A fracking site on the Fort Berthold Reservation in North Dakota, home to the Mandan, Hidatsa and Arikara Nation. Photo: Bruce Farnsworth

Native Sun News Today: Tribal activists battle Trump over fracking

Tribal groups in coalition suing to block repeal of federal fracking rule

By Talli Nauman
Native Sun News Today
Health & Environment Editor
nativesunnews.today

SAN FRANCISCO, CA – A coalition of tribal and environmental groups sued on January 24 to block the federal Bureau of Land Management’s repeal of a 2015 rule designed to protect water, wildlife, and public health from the harmful effects of hydraulic fracturing on federal and tribal lands.

The repeal eliminates safeguards on more than 700 million acres of tribal and public lands. The rule mandated companies to disclose the chemicals they used in fracking operations, set standards for building oil wells, limited the use of fracking waste pits, and required best management practices to prevent surface and ground water from pollution.

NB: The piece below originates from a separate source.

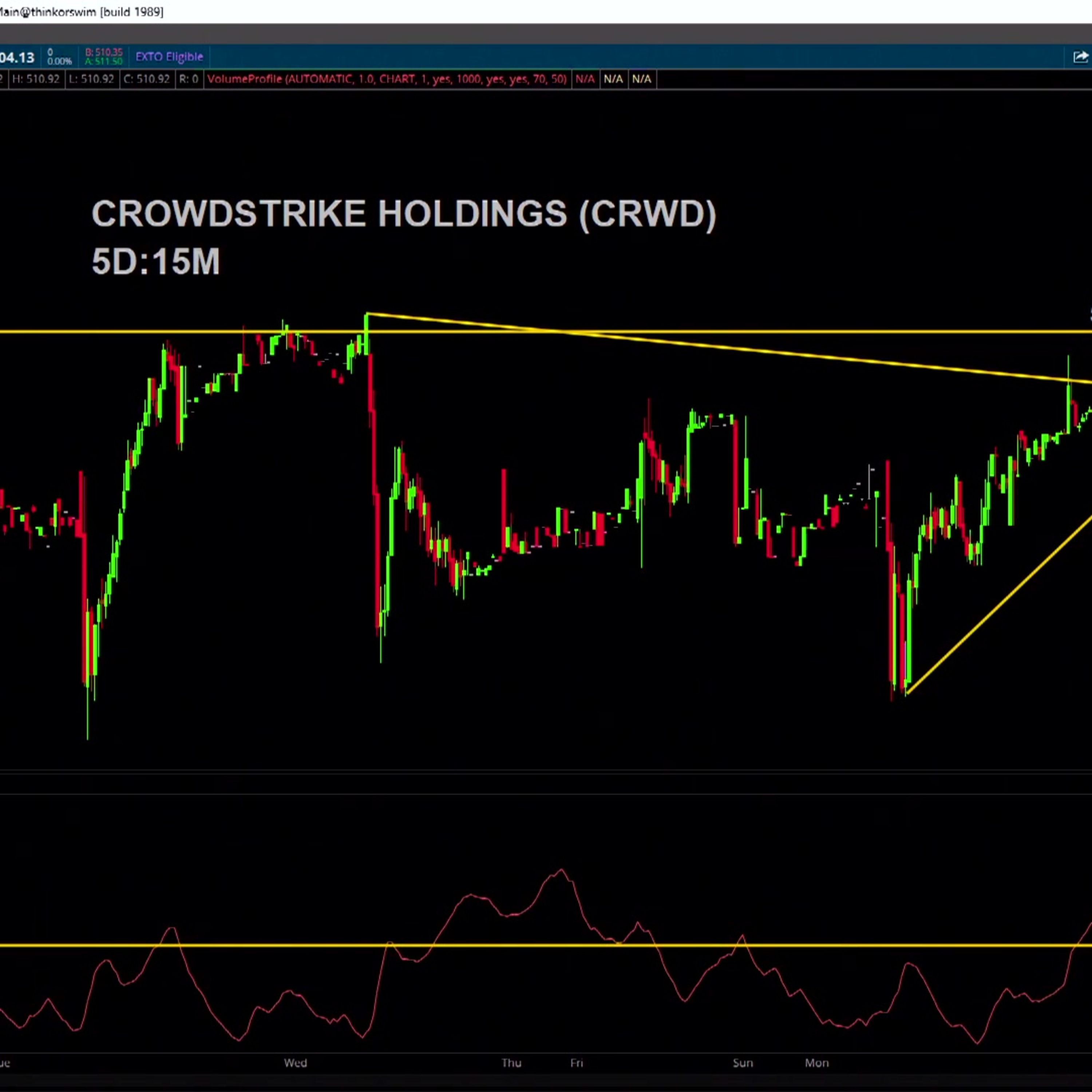 Chart of the Day: Key Levels for CRWD Chart of the Day: Key Levels for CRWD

The oil-and-gas industry and its allies leveled court challenges keeping the regulations from taking effect. Then, in December of U.S. President Donald Trump’s first year in office, his Administration rescinded the rule, rolling back standards to the pre-fracking-era 1980s levels.

"This Administration has shown us time and time again that profit is more important than the health and safety of citizens,” responded Mandan Hidatsa and Arikara Nation enrolled member Lisa DeVille, president of plaintiff Fort . Berthold Protectors of Water and Earth Rights, or POWER.

“Fracking has devastated our lands, so much that we do not know if our water is safe to drink. Rescinding rules that have taken years to develop shows that this Administration has no consideration for life. We need clean water to live. Without these rules, what chance do we have left to protect our water?"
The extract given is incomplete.